*About this exercise*.
If a line in the listing below contains "pool", return that line.

*Dataset*.
▼▼▼
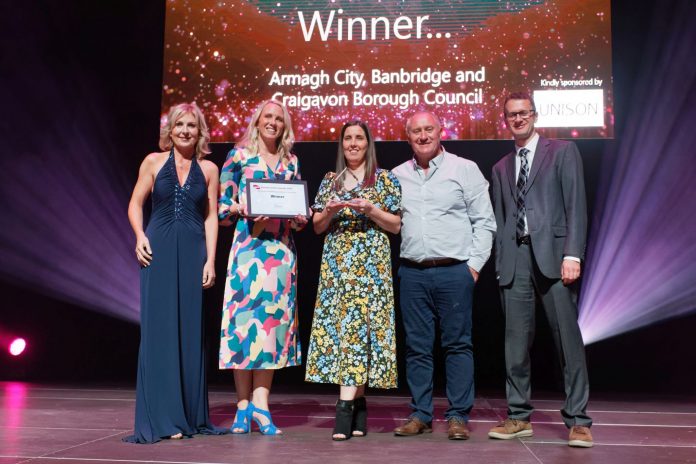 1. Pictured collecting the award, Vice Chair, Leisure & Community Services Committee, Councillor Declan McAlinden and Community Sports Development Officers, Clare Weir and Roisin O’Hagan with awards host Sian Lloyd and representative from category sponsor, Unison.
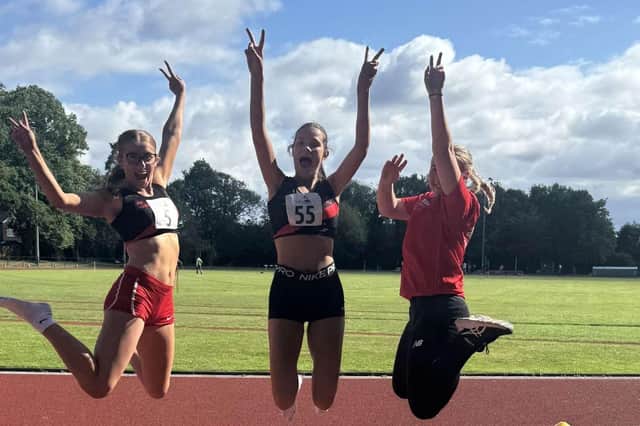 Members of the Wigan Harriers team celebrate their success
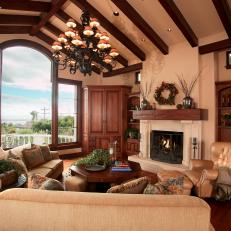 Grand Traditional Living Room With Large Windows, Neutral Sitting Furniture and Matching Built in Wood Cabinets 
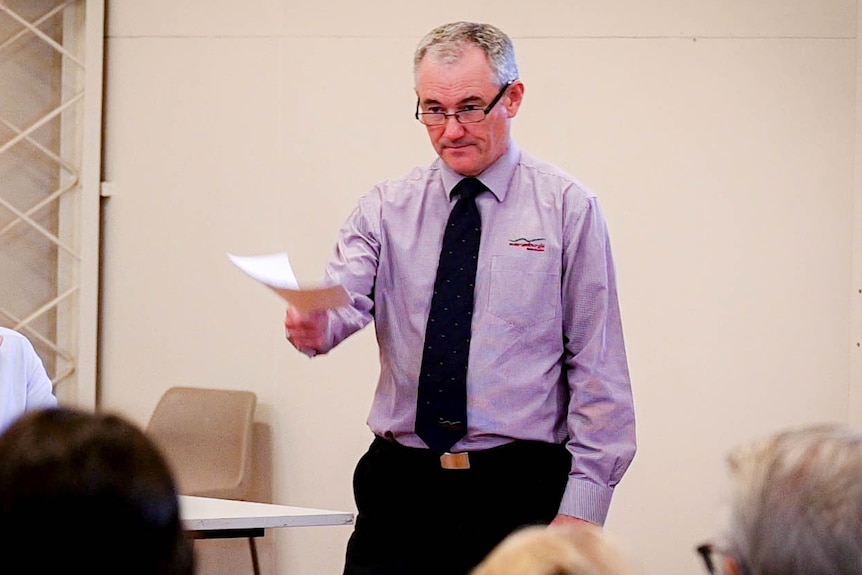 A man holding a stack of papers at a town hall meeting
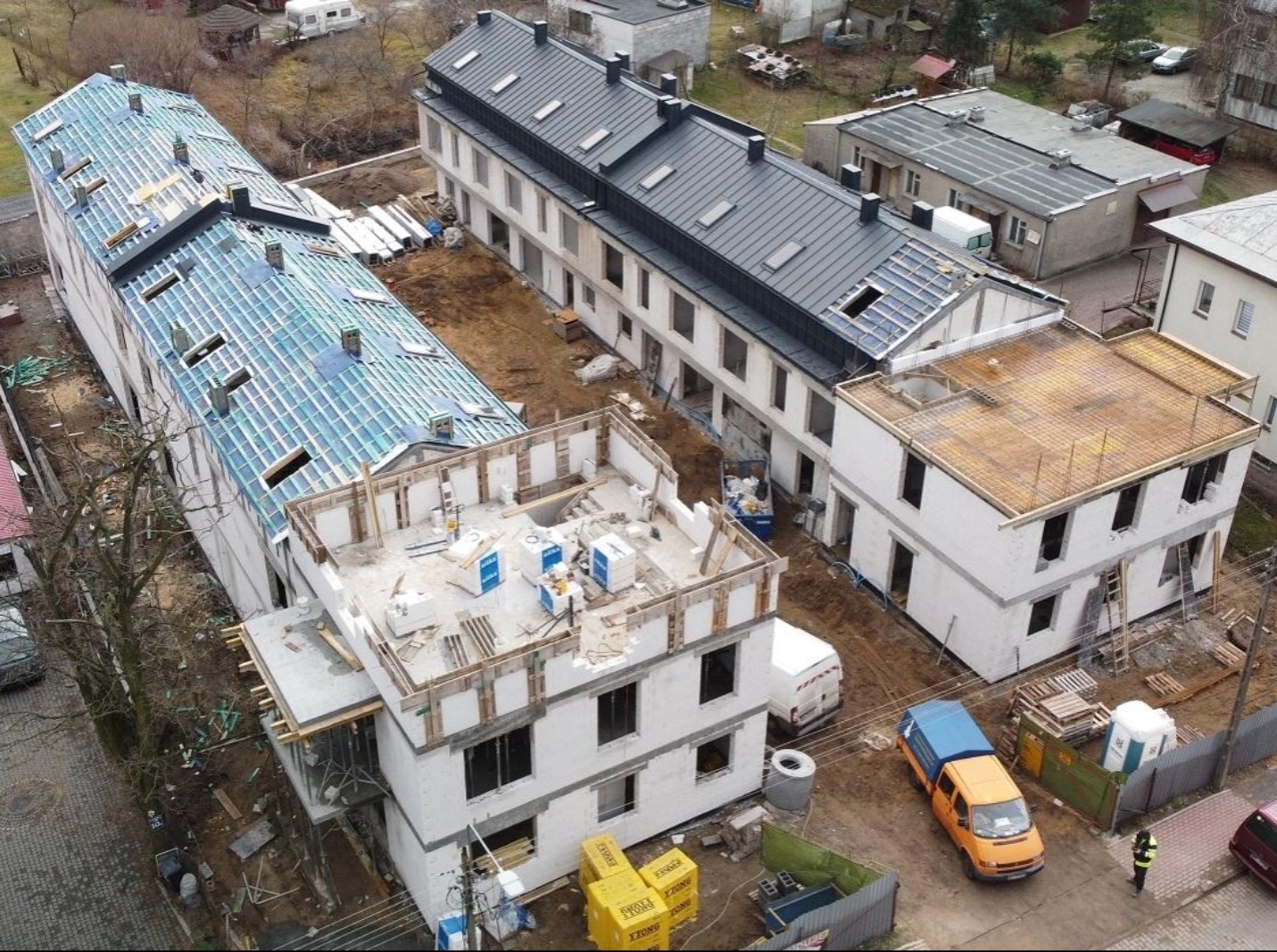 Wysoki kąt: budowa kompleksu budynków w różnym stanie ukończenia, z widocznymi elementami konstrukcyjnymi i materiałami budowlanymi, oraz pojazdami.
▲▲▲
▼▼▼
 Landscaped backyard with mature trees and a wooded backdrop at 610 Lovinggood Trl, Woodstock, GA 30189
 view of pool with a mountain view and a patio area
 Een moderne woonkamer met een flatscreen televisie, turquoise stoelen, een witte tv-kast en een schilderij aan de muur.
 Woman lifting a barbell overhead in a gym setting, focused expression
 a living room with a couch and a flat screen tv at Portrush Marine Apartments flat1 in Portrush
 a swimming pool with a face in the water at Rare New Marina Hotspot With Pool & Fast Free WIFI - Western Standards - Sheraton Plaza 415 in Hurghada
▲▲▲
*Exercise output*.
 view of pool with a mountain view and a patio area
 a swimming pool with a face in the water at Rare New Marina Hotspot With Pool & Fast Free WIFI - Western Standards - Sheraton Plaza 415 in Hurghada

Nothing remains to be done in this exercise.